WORK TASK: Take nothing but the lines from the one with "In this video we're" through the one with "Since we will" in the entries below, both ends kept, and return them exactly with pictures left out.

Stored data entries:
★ ★ ★ ★ ★ ★ ★
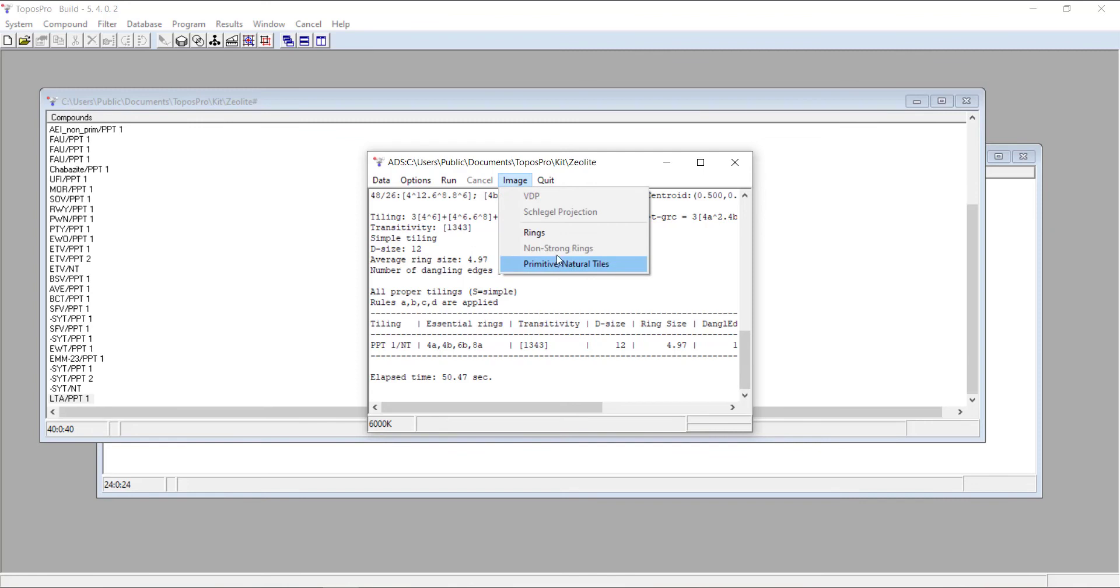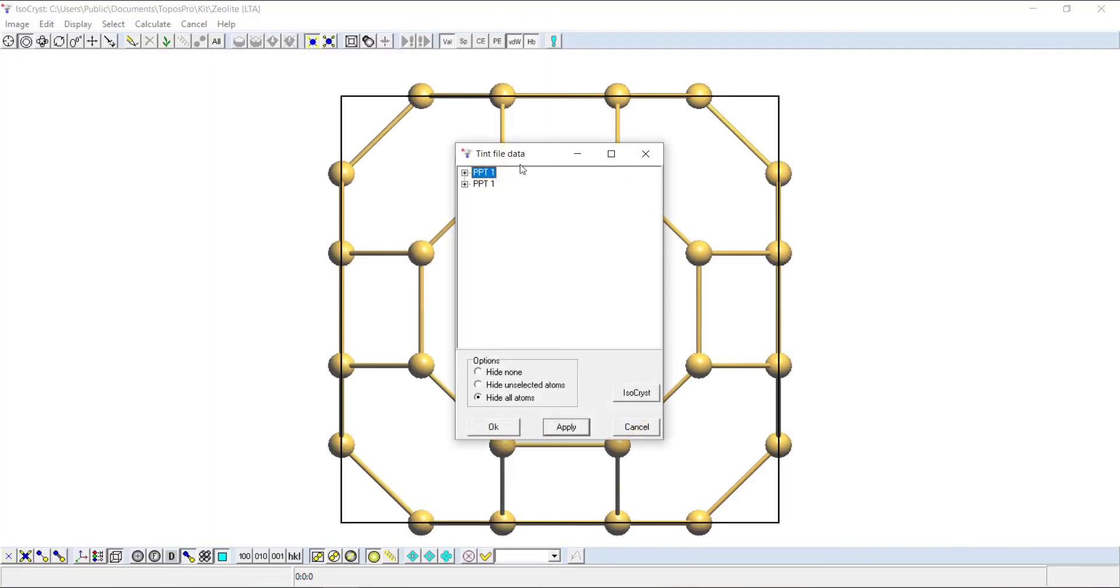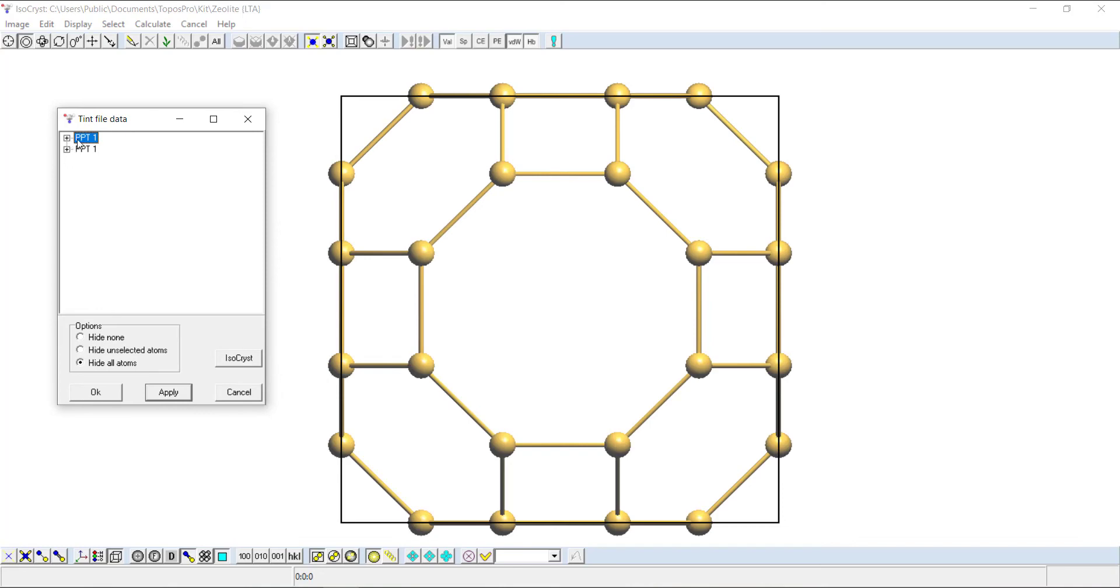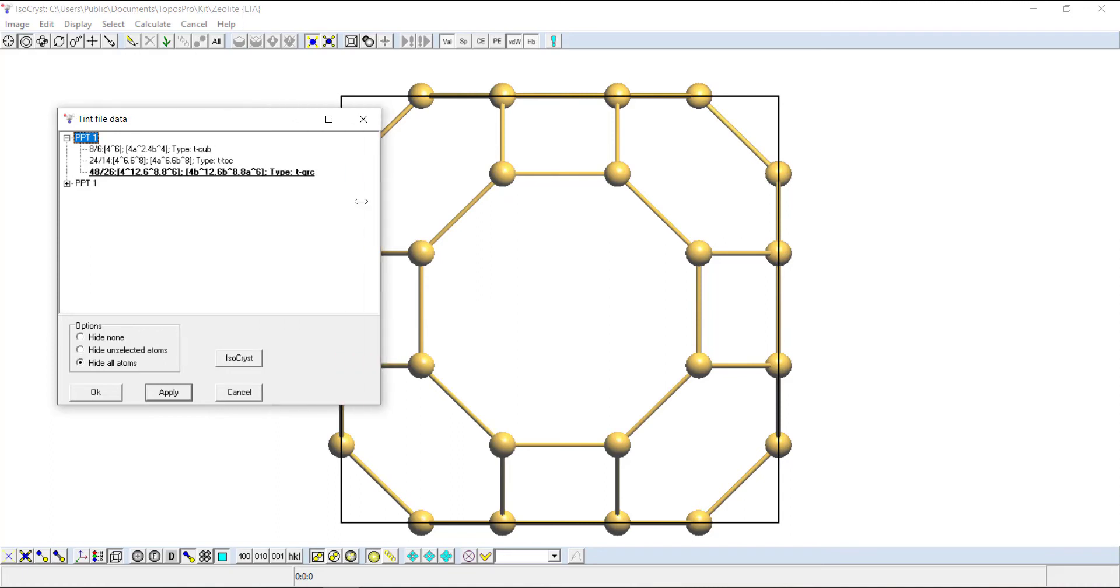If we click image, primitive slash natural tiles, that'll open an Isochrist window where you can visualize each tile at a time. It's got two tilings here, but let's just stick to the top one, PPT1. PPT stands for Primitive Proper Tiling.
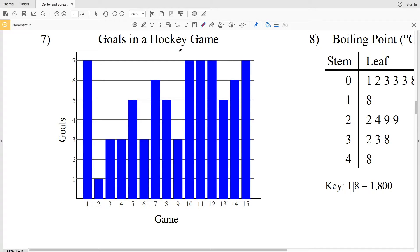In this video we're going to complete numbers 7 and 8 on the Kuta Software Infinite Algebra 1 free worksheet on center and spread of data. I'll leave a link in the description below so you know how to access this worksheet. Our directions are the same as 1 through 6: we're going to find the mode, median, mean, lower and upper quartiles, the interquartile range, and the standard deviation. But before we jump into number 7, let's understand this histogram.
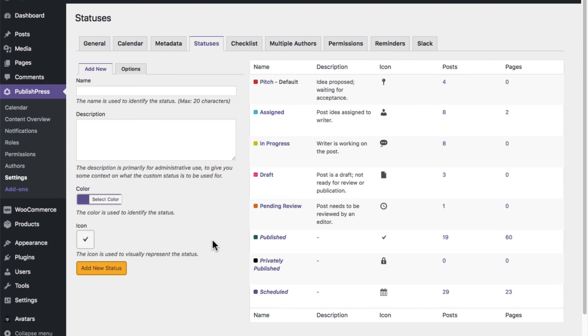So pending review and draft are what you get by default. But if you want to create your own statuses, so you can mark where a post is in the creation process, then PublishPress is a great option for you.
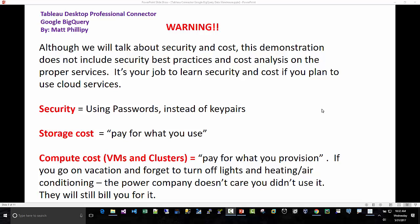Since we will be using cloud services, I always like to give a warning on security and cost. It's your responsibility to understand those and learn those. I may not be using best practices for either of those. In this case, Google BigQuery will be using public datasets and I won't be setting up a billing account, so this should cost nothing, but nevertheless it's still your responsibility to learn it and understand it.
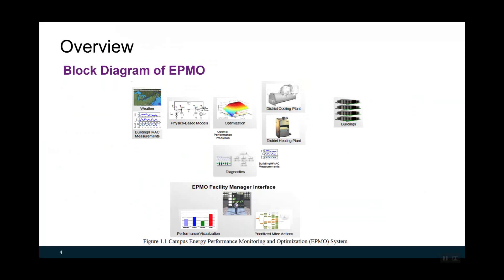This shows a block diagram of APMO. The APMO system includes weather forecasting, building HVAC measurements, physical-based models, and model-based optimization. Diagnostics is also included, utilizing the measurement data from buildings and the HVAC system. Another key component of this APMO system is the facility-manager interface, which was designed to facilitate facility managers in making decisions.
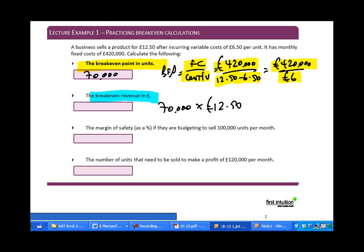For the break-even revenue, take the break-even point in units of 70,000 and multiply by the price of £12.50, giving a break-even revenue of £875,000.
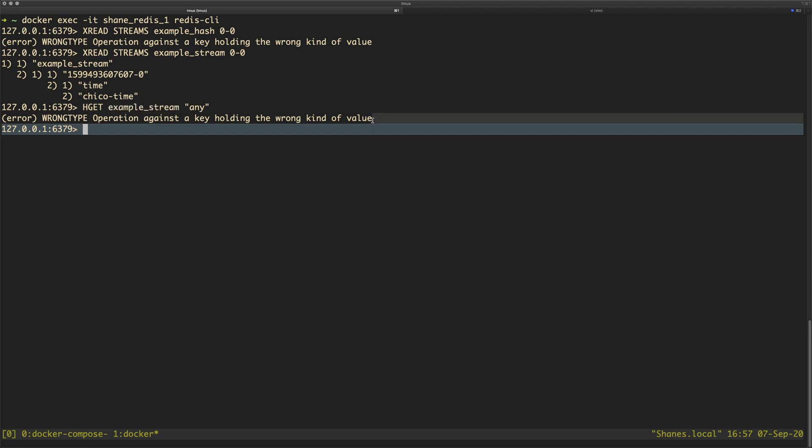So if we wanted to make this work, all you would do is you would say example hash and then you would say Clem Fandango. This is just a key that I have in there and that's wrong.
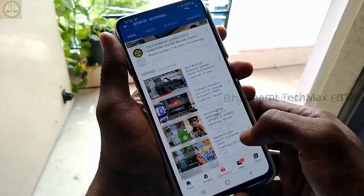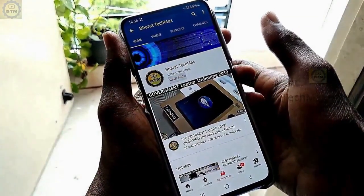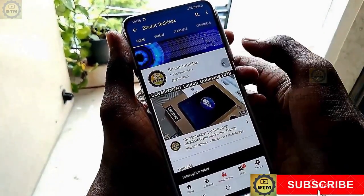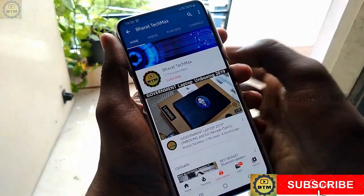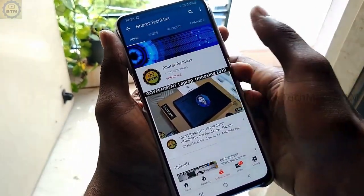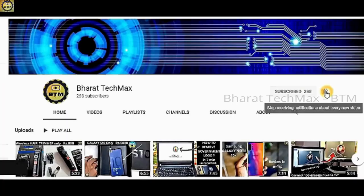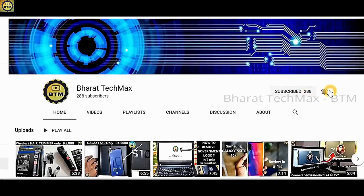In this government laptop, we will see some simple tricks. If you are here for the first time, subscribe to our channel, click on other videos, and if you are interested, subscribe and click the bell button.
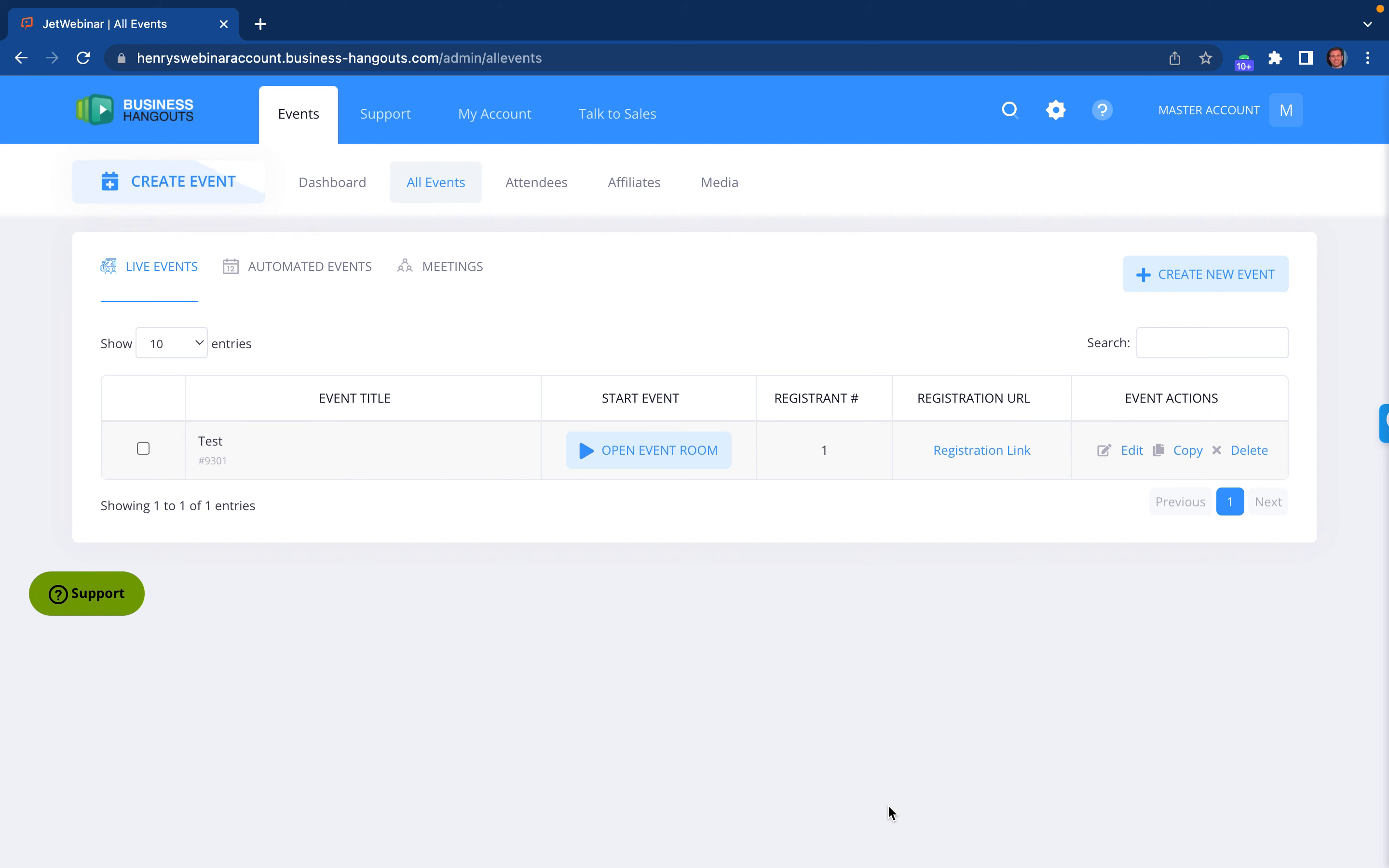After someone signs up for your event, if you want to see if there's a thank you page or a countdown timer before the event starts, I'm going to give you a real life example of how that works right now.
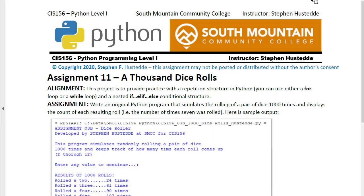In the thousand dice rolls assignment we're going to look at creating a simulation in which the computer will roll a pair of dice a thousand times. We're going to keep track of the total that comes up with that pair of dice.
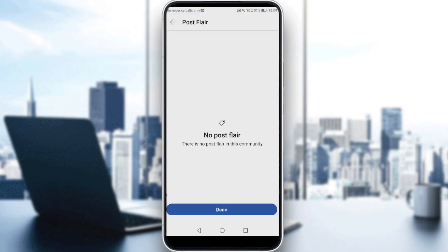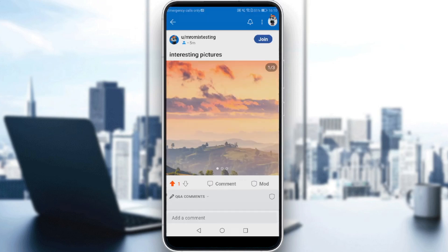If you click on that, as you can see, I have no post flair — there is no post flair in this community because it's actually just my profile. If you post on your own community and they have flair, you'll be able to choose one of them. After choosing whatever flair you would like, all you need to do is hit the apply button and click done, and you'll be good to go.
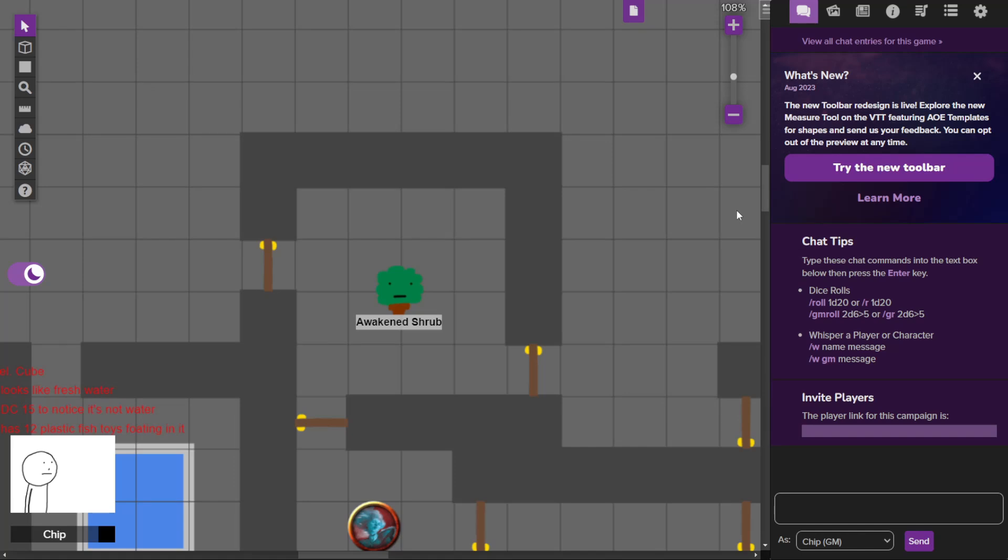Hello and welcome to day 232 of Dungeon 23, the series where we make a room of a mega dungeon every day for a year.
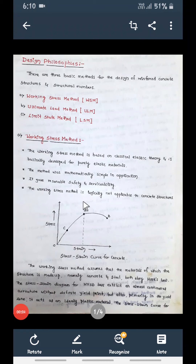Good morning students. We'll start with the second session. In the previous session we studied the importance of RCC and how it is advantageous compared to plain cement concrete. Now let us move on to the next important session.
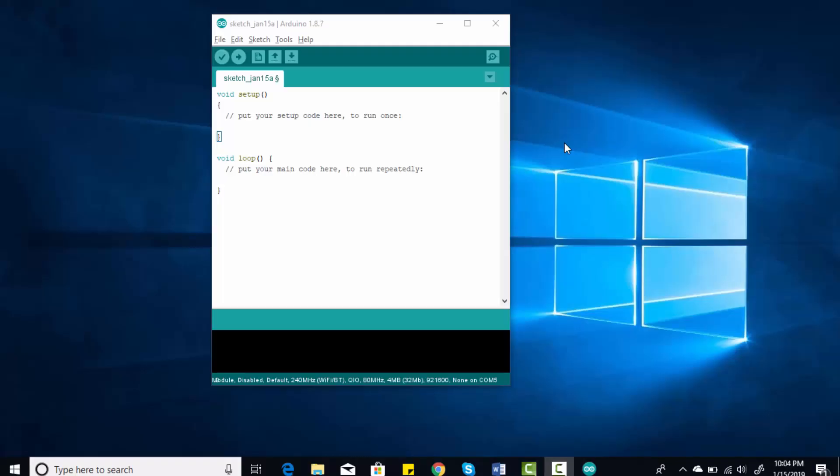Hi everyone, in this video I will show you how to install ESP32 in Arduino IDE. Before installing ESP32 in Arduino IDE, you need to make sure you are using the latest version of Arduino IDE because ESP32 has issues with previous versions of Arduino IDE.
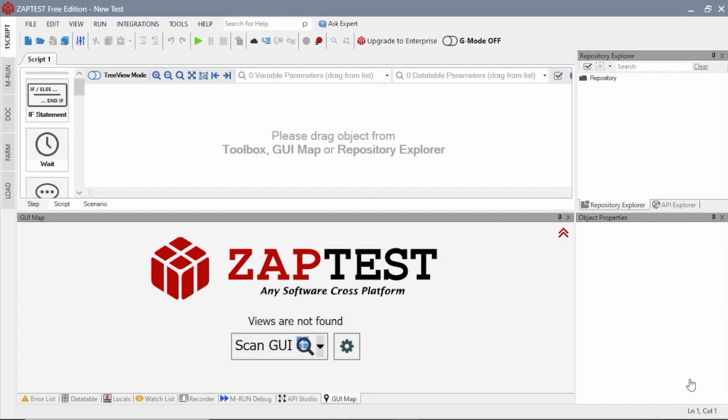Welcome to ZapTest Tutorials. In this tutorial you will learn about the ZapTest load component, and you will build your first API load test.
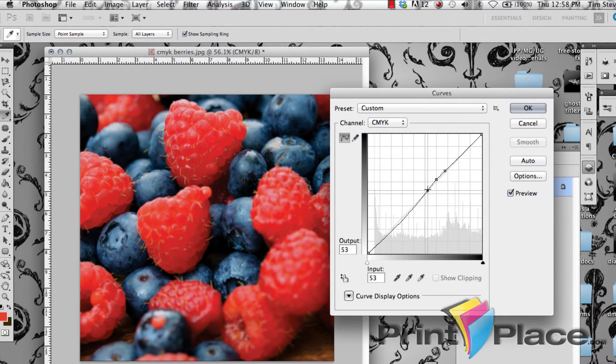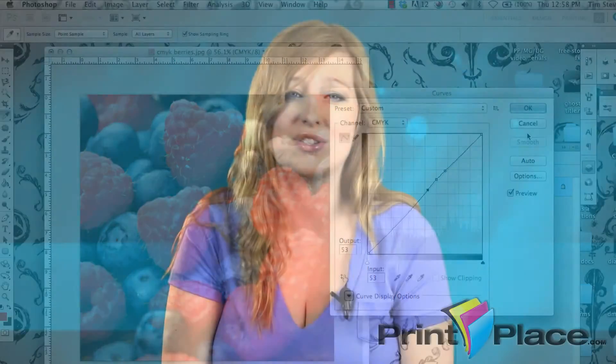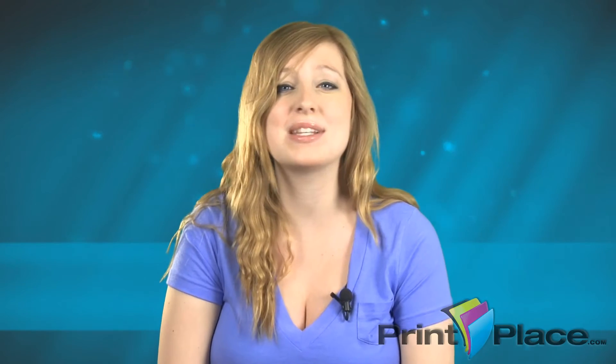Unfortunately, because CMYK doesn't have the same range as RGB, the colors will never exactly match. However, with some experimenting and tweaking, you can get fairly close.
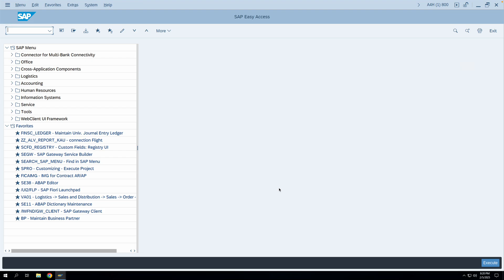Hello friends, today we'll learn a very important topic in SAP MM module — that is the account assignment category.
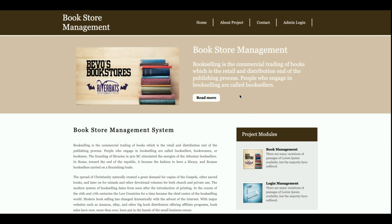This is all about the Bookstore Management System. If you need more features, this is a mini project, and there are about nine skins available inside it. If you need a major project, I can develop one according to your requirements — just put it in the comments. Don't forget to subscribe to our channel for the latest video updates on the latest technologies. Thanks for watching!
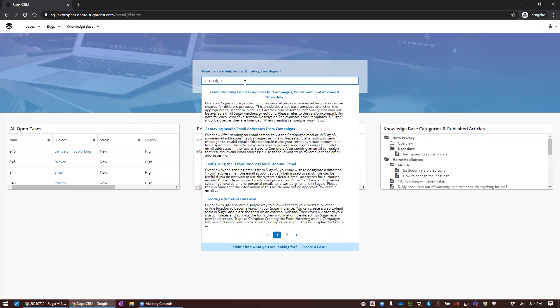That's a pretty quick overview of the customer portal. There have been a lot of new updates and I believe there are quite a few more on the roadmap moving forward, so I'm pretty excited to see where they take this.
★ ★ ★ ★ ★ ★ ★
ANSWER BOX:
In this video we're going to complete numbers 7 and 8 on the Kuta Software Infinite Algebra 1 free worksheet on center and spread of data. I'll leave a link in the description below so you know how to access this worksheet. Our directions are the same as 1 through 6: we're going to find the mode, median, mean, lower and upper quartiles, the interquartile range, and the standard deviation. But before we jump into number 7, let's understand this histogram.
So pending review and draft are what you get by default. But if you want to create your own statuses, so you can mark where a post is in the creation process, then PublishPress is a great option for you.
Since we will be using cloud services, I always like to give a warning on security and cost. It's your responsibility to understand those and learn those. I may not be using best practices for either of those. In this case, Google BigQuery will be using public datasets and I won't be setting up a billing account, so this should cost nothing, but nevertheless it's still your responsibility to learn it and understand it.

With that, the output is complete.